Folks... we have come full circle. This is Charlie, dog of Brant. He naps in a pineapple and really likes french fries. 14/10 you’ve got a good dog, Brent pic.twitter.com/iYnjpphWau
Of course, the cynical among us might say that by the very dog-rating standards he advocated for in 2016, Brœnt’s dog isn’t more than a 6.5 or a 7.0 or so on the @dog_rates scale of dog rating. But that argument misses the point about what made this such a popular meme.
“They’re good dogs Brent” transcends cynicism. That’s what makes it so powerful.

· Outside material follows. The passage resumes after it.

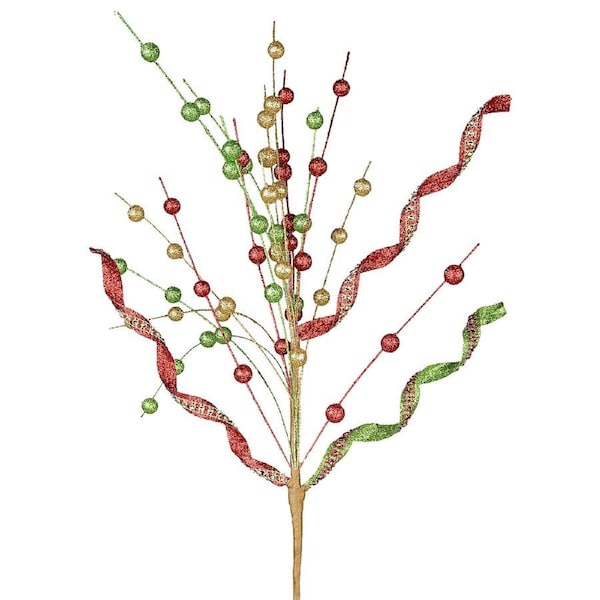 72cm Red, Green & Gold Glitter Balls & Curls Spray Long Christmas Stem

The assertion “they’re good dogs Brent” was never about aesthetics, or even about dogs. It was really about expressing a tranquil, calm joy in the face of pessimism and buzz-harshing. It was a moment in which a Hater was met, and vanquished, by the sheer power of commitment to an idealistic principle. In this case, the principle is that all dogs are good dogs. The @dog_rates Twitter account had clearly placed that principle at the heart of its simple mission, and Brient’s cynicism simply couldn’t counteract the strength of its commitment to celebrating good dogs.
So when we celebrate Nelson’s simple own of Brünt, we’re also saying that we, too, believe that all dogs are good dogs; that there are fundamental truths about the inherent goodness and rightness of all dogs, and maybe even all of earth’s creatures — including humans — that transcend snarky internet criticism.
Ultimately, this compassionate and open-hearted read on the world extended to Brent himself: Brant got his own dog rated, and Charlie was deemed to be a Good Dog, worthy of a 14/10 on the dog_rates scale.
While the return of this meme might not seem like a hard-hitting retaliation against the perpetual attacks on our basic humanity which currently punctuate daily life in America, it’s actually a crucial restorative.
For one thing, its continued popularity gives us all common ground, as so much of the pet-loving internet does. For another, it’s a blunt reminder of our historical template for progress: Get to know the thing you hate — in this case, cute dogs — and you may learn to love it.
Even more crucially, if we extend kindness to the haters in our midst, while standing strong in our convictions about the worth and dignity of all earth’s creatures, soon, they, too, might learn to view the beings around them with love and generosity instead of distrust and skepticism. This teachable moment continues to illustrate that deep down, all of us just want to be loved for who we are, patted on the head, and told we’re good.